▶ WHAT TO WORK ON
The records that follow must be repeated exactly, minus the images.

[Stored records]
------------------------------------------------------------------------

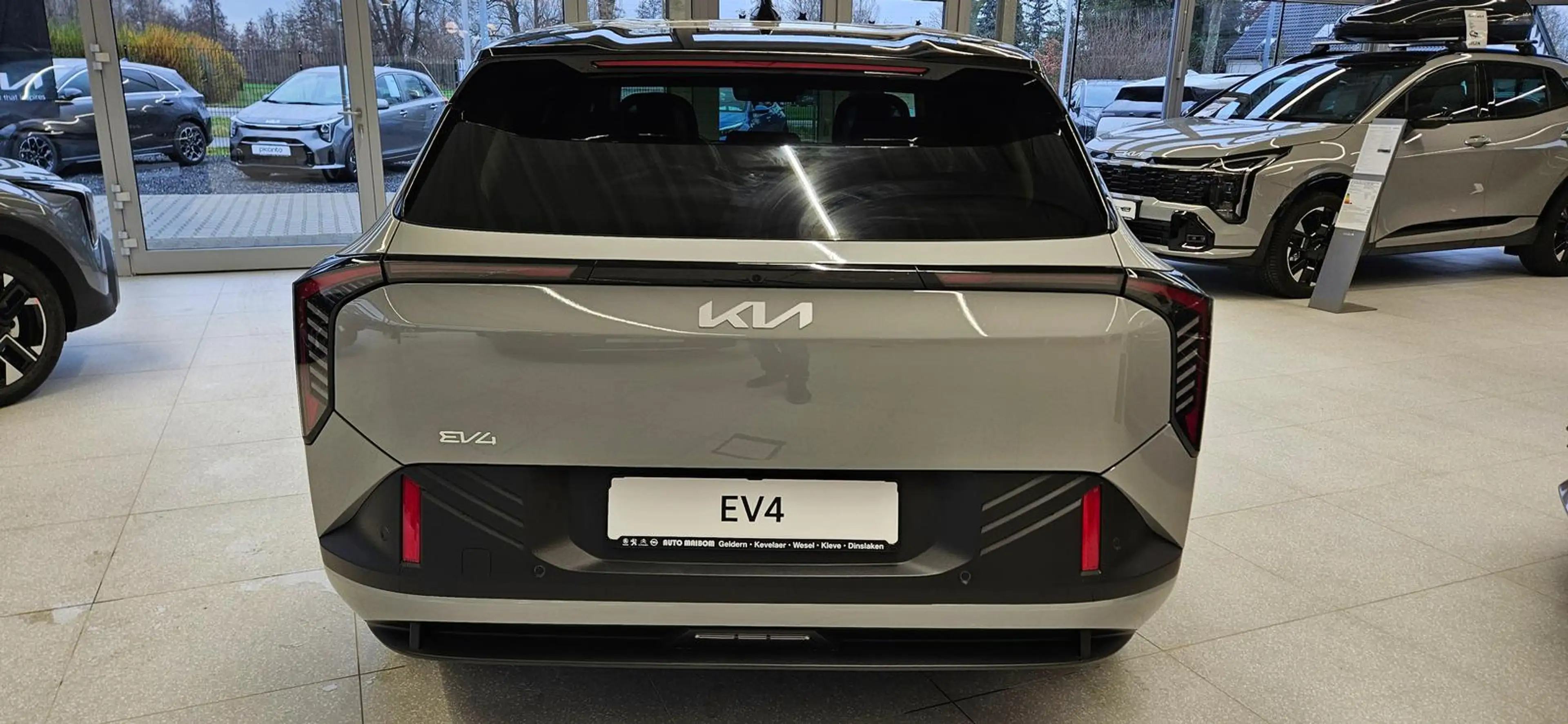 Kia EV4 150 kW 81,4 kWh Earth UP TECH WIN DRIVE SND — photo 5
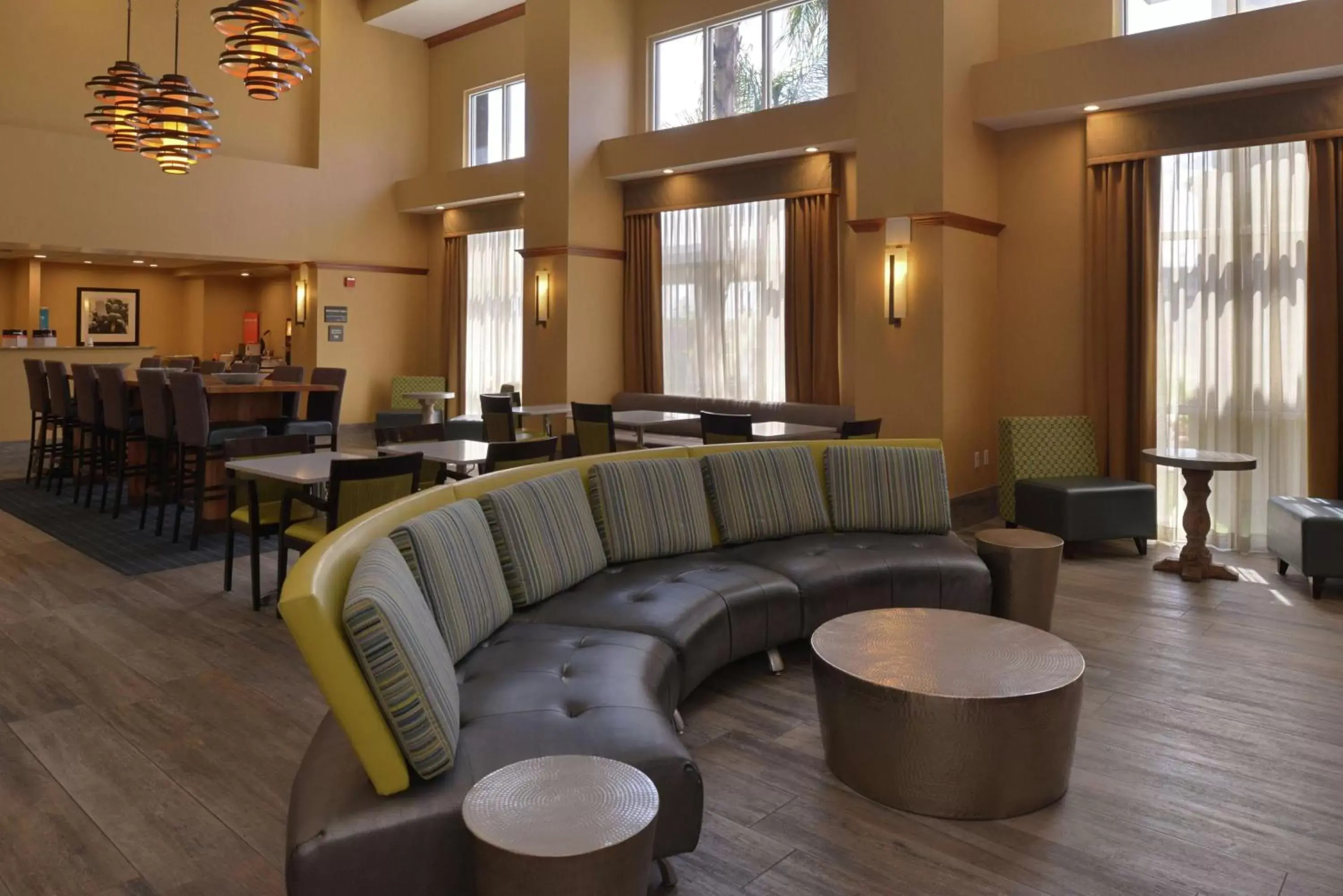 Lobby or reception, Lounge/Bar in Hampton Inn and Suites Bakersfield North-Airport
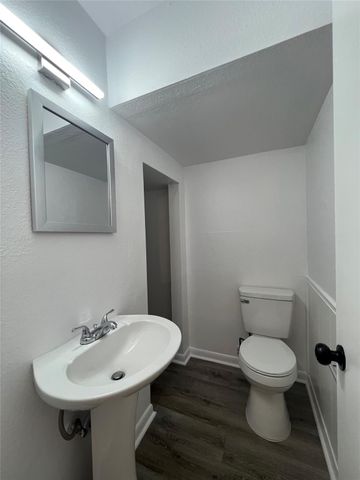 2306 Barton Village CIR, Austin, TX 78704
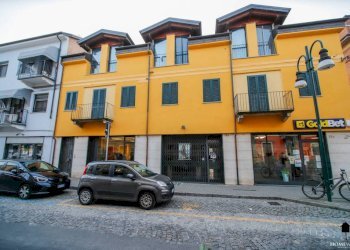 Facciata - Three-room apartment via Roma, 15, Chivasso - photo 1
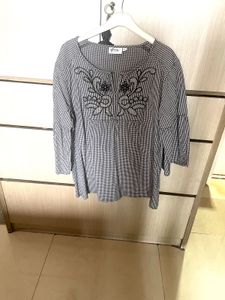 Gingham Embroidered top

------------------------------------------------------------------------

▶ EXPECTED OUTPUT
 Kia EV4 150 kW 81,4 kWh Earth UP TECH WIN DRIVE SND — photo 5
 Lobby or reception, Lounge/Bar in Hampton Inn and Suites Bakersfield North-Airport
 2306 Barton Village CIR, Austin, TX 78704
 Facciata - Three-room apartment via Roma, 15, Chivasso - photo 1
 Gingham Embroidered top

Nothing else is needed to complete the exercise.